Other important stuff
- speed, cutoff and burn-rate
From the dynamometer run or footplate experience. "Working the loco as hard as we could, we climbed the hill at 20mph with the cutoff on 35%. It took us 30 minutes to climb the hill, and we burned through 3 tons of coal doing it". (note: those may not be sensible numbers). Convert speed to metres per second, the cutoff percentage to a range between 1 and 0, and the burn rate to kg/sec.
- tractive-effort-constant
Weight on drivers divided by weight of loco (not including tender). Should be a value between 0 and 1. 1 would be used for a loco with every axle driven.

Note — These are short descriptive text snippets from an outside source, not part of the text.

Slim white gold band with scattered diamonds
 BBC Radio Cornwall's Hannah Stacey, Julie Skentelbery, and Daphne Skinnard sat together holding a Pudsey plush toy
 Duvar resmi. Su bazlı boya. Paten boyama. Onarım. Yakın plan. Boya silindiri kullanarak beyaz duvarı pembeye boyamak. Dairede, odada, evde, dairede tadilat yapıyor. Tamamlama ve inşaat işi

If you don't have source information, scale the number from another loco in a logical way. The Blue Comet is a fairly middle of the road pacific, so would be a good starting point.
Tuning the front end
Now we test the loco. Place it, with a typical weight consist, in front of some typical terrain. Ideally we'd like some flattish ground, a gentle hill, and a steep hill. "gentle" and "steep" are relative to what the loco operated on in real life, so if the ruling grade on the route the loco ran on in service was 1.5%, then 1.5% is "steep", and maybe half that is "gentle".
We are testing the front end first, so we're looking to do short duration tests with full boiler pressure. Maintain this by any means necessary right now - abuse the blower if you have to, we'll fix that later. Try to drive with the regulator wide open, and control the cutoff as you'd expect for the speed of the train.
If the loco pulls the load too easily, i.e. at too low a regulator / cutoff setting, then:
- For small amounts of "overpowered", you could have too much superheat.
- For large amounts of "overpowered", you don't have enough clearance volume in the cylinders. Re-calculate the piston-volume tags using a bigger percentage for piston-volume-min. (You may also want to reduce the superheater constant too).
- For stupid amounts of "overpowered", then re-check your calculations for the piston area and volumes, and if that all looks good, go back to the clearance volume step.
If the loco struggles to pull the load, then:
- If the boiler pressure is fine, but the steam chest pressure is low (and you are reducing cutoff appropriately!), you don't have enough steam-chest-max-flow. Increase it.
- If the steam chest pressure is fine, and you are lacking a small amount of power (i.e. it's close, but not quite there), then try increasing the superheater constant.
- If the steam chest pressure is fine, but the loco feels significantly lacking in power, then you have too much clearance volume. Re-calculate the piston-volume tags using a slightly smaller percentage for the piston-volume-min.
Small changes to the clearance volume make a HUGE difference to the performance of a loco.
Also, check your maths again on the cylinder volumes. It's very easy to get wrong.
- Also test the loco response to the regulator. If it seems very "on-off" and isn't progressive enough, then reduce the steam-chest-max-flow.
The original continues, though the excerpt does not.